The Cathedral of Tripoli in the 1960s.

After 25 July, the new Italian government under the King and Field Marshal Pietro Badoglio remained outwardly part of the Axis. But, secretly, it started negotiations with the Allies. On the eve of the American landings at Salerno, which started the Allied invasion of Italy, the new Italian government secretly signed an armistice with the Allies. On 8 September, the armistice was made public. In Albania, Yugoslavia, the Dodecanese, and other territories still held by the Italians, German military forces successfully attacked their former Italian allies and ended Italy's rule. During the Dodecanese Campaign, an Allied attempt to take the Dodecanese with the cooperation of the Italian troops ended in total German victory. In China, the Imperial Japanese Army occupied Italy's concession in Tientsin after getting news of the armistice. Later in 1943 the Italian Social Republic formally ceded control of the concession to Japan's puppet regime in China, the Reorganized National Government of China under Wang Jingwei.

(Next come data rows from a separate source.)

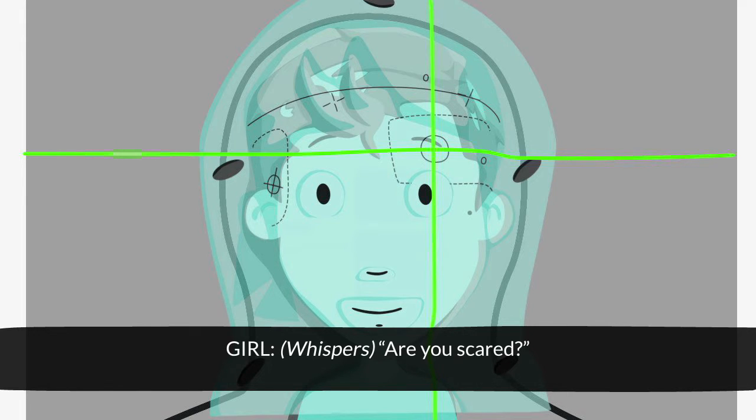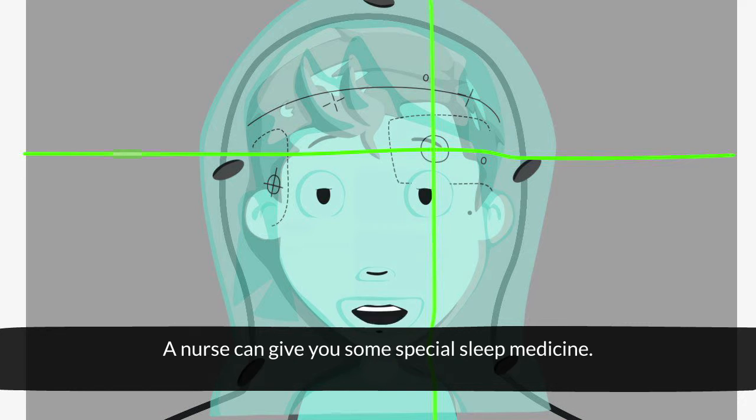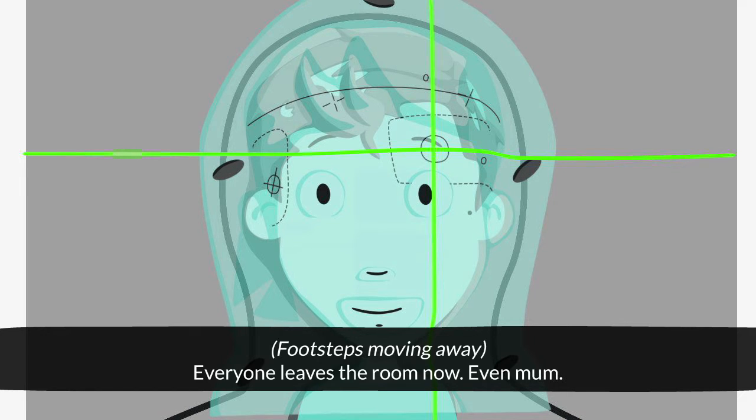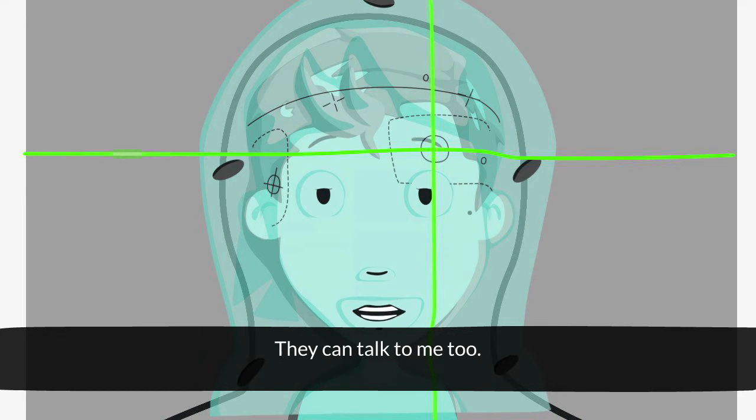Are you scared? I was at first, but now I'm not. If you are scared, tell someone — a nurse can give you some special sleep medicine. Okay Jake, we're lined up. Remember to stay nice and still. Okay. Everyone leaves the room now, even Mum. They can see and hear me in the other room. They can talk to me, too.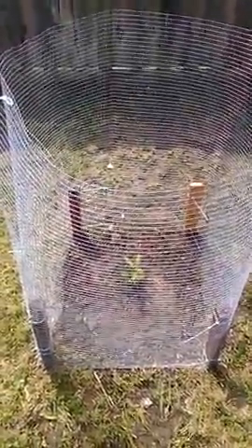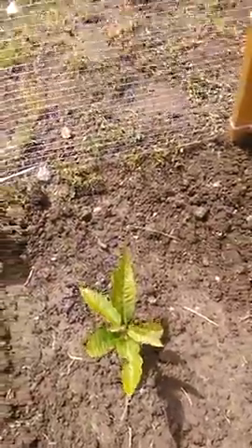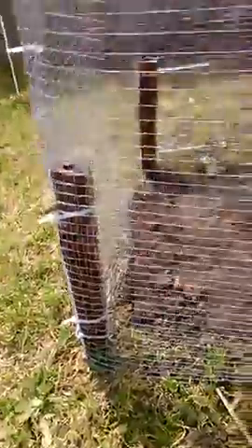Yesterday I transplanted one of the chestnut trees into the ground. First thing I did was put some posts up — just some old chair legs — then I got some wire I had left over and put a perimeter around it. It should go all right. It is still pretty young, about five months old, but not real worried about it.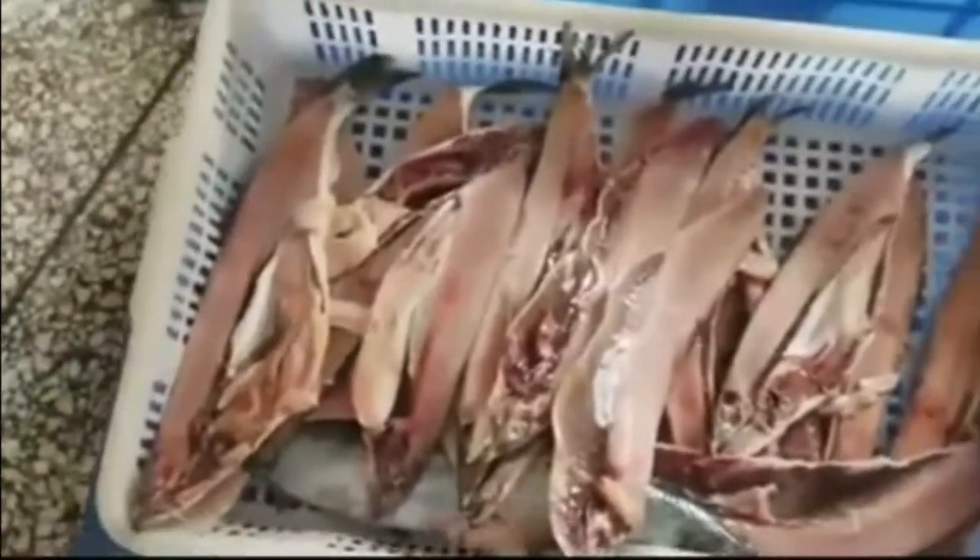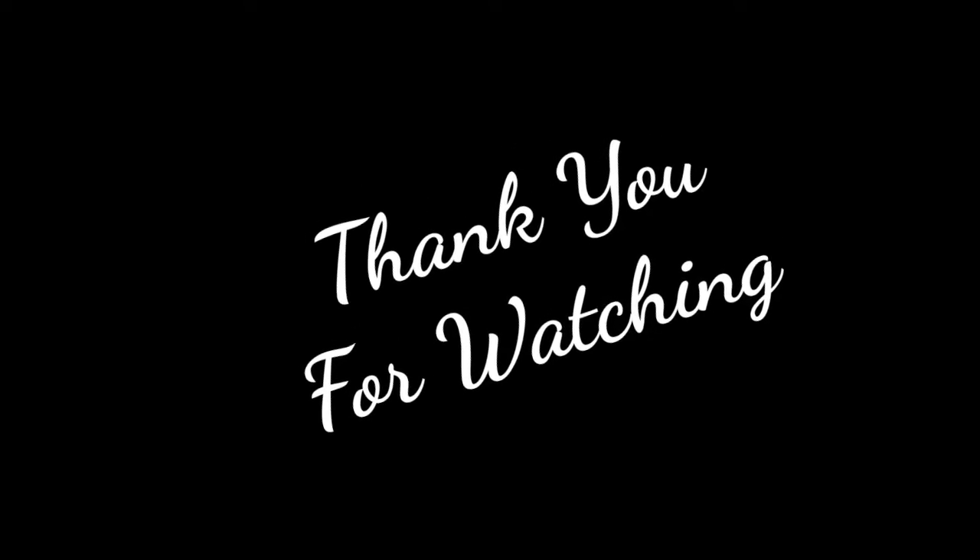If you want to like or share this video, or leave a comment, please leave a comment. It's so clean. Friends, this video is going to be fine. Namaskar.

Italian war cemetery in Keren, Eritrea.

In 1947, the Italian Republic formally lost all her overseas colonial possessions as a result of the Treaty of Peace with Italy. There were discussions to maintain Tripolitania (a province of Italian Libya) as the last Italian colony, but these were not successful. In November 1949, Italian Somaliland was made a United Nations Trust Territory under Italian administration. This lasted until 1 July 1960, when Italian Somaliland was granted its independence and, together with British Somaliland, formed the Somali Republic.